This stuff normally doesn't play out in public this way.
And so if you're keeping score at home, you can see how things keeps changing in the ongoing contract negotiations involved the United Auto Workers union and the Detroit Three automakers. All sides are watching what the others are doing, then trying to match them or offer something that is more advantageous to their balance sheets while still meeting a union demand.
That's precisely what UAW President Shawn Fain had in mind when he decided this year to negotiate national labor contracts with all three automakers at once, and very publicly, refusing to name one company as the negotiating lead, instead playing each car company and their offers off the others.
In doing so, Fain discarded a tradition of negotiating a contract with one company first, then using that contract as a pattern for the other two.
"Shawn Fain's negotiating strategy for the members' demands serves to throw the companies off balance," said Marick Masters, a business professor and labor expert at Wayne State University. "The strategy reflects open communications, industry-wide bargaining with a labor-centered perspective, and a willingness to strike all three companies while waging a corporate campaign to put additional pressures on the companies to make more favorable agreements."
'Back door communications'
Since 1946, the UAW strategy has been to negotiate with three or more automakers separately but simultaneously at the beginning of negotiations, said Harley Shaiken, professor emeritus and labor expert at the University of California, Berkeley.

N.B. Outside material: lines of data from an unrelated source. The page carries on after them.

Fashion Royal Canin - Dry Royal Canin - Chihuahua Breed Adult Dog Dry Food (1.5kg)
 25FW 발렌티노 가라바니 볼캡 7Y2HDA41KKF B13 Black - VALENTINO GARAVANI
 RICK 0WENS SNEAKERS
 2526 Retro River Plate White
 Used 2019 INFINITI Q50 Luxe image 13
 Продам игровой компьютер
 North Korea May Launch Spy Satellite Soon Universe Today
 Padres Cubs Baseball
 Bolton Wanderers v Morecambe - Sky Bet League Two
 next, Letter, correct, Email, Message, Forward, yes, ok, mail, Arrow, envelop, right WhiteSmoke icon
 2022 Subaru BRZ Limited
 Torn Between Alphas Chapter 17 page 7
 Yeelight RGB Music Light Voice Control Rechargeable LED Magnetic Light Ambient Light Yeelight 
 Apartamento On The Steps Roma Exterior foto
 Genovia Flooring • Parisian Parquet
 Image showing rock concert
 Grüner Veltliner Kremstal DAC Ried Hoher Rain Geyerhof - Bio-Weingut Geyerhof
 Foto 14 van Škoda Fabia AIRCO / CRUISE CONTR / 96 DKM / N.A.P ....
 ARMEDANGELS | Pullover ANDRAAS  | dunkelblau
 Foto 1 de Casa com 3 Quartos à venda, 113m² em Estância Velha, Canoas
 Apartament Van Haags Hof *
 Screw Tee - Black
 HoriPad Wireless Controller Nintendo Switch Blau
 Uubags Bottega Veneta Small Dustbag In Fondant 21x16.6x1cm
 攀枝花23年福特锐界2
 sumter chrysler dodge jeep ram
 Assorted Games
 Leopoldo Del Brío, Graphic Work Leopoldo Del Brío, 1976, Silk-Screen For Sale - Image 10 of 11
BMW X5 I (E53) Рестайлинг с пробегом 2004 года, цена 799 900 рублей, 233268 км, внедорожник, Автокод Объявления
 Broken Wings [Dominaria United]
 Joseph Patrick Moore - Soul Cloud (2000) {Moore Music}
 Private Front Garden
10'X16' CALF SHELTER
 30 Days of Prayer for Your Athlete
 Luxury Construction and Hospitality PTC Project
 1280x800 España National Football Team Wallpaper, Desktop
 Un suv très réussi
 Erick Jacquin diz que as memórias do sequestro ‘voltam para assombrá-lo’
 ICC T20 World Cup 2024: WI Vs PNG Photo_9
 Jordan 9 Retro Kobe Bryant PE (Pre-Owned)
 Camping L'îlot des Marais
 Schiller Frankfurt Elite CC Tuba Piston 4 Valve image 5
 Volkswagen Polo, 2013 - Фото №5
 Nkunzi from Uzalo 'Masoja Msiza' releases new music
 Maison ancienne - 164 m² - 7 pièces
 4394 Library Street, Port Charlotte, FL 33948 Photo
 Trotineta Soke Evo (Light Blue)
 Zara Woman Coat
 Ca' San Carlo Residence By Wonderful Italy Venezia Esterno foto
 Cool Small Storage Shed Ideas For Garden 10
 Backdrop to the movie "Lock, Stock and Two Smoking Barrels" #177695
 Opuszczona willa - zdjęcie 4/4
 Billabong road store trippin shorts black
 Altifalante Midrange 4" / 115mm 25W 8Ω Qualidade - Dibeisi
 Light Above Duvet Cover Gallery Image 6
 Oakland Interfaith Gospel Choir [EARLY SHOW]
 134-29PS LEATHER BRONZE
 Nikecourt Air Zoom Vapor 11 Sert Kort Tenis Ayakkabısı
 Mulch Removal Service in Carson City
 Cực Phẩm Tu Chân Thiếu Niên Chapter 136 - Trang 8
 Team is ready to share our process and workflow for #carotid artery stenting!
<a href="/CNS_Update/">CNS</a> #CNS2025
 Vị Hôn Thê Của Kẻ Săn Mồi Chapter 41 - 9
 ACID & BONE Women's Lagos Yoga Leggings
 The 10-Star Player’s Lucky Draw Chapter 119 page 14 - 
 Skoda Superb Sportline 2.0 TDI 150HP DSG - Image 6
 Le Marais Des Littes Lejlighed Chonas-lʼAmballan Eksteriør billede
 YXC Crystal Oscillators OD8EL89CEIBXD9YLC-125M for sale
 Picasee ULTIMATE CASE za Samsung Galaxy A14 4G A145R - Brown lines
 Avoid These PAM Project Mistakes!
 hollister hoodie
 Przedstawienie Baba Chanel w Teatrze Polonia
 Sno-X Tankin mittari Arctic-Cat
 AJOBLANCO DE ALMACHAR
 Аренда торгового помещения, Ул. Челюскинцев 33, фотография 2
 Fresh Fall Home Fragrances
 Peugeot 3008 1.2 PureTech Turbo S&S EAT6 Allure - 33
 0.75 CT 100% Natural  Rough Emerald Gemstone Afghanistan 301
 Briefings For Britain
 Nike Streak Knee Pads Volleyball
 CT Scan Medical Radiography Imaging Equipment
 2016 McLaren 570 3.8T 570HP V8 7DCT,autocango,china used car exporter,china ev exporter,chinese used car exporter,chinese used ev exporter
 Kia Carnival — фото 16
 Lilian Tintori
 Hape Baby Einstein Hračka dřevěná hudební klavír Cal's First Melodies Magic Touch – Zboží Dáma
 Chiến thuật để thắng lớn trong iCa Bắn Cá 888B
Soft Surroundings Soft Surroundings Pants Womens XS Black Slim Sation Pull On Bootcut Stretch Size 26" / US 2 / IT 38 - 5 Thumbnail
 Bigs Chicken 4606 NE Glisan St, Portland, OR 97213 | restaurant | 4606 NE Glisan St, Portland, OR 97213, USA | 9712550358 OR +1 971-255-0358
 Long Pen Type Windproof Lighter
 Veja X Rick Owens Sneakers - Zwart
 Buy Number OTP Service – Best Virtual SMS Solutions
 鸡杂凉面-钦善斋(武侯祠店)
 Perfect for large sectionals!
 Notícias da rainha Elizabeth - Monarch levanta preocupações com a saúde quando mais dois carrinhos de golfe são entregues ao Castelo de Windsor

But then there was always the selection of a target company chosen in the final stages of the talks, sometimes days before the deadline. The tradition was started under famous UAW leader Walter Reuther in the 1940s, Shaiken said.
Louis G. Seaton, left General Motors vice president heading negotiating team for the company and United Auto Workers president Walter P. Reuther, shake hands before the start of the opening session on a new contract on March 25, 1958.
"The union having been in talks with all of them understood at that point which one would be most amenable to their core target demands," Shaiken said. "For the automakers, being the target was an advantage because they would have more control over the process and, on occasion, could settle for agreements less advantageous to their competitors."
Once the agreement was reached with the target, the subsequent agreements with the others would "never be a carbon copy," Shaiken said, but rather set the pace.
"This time around there has clearly been more transparency and the UAW has made a serious effort to have greater involvement at an earlier stage with its members," Shaiken said. "Floating the notion of striking any automaker if they haven’t reached an agreement before the strike deadline and threatening to strike all three simultaneously have resulted in considerable turmoil among investors, but not necessarily of the teams at the bargaining table."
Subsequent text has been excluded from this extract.